> [What you will do] Working from the entries below, tally each line that holds "Street". Give the tally and nothing else.

(Brief descriptive captions)
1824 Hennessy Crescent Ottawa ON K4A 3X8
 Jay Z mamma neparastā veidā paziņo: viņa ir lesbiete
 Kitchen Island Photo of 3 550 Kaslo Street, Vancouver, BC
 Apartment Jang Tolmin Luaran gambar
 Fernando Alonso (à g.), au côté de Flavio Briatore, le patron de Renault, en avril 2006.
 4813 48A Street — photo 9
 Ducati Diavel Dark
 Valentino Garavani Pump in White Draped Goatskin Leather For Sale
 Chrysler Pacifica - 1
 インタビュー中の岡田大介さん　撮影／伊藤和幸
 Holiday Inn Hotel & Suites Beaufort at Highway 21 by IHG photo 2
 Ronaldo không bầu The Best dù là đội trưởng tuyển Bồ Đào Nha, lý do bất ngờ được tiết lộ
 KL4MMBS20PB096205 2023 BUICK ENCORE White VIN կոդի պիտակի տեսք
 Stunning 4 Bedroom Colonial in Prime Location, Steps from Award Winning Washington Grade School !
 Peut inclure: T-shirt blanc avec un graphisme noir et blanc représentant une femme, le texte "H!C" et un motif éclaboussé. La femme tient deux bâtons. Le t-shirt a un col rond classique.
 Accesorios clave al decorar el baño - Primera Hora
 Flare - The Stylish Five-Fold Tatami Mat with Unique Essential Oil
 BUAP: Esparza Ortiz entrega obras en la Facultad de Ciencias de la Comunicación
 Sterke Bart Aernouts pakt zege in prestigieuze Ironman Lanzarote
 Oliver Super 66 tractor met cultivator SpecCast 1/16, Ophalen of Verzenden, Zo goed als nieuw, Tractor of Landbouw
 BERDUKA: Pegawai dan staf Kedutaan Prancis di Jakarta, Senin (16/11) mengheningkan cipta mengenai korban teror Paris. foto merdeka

> [Output for this exercise] 2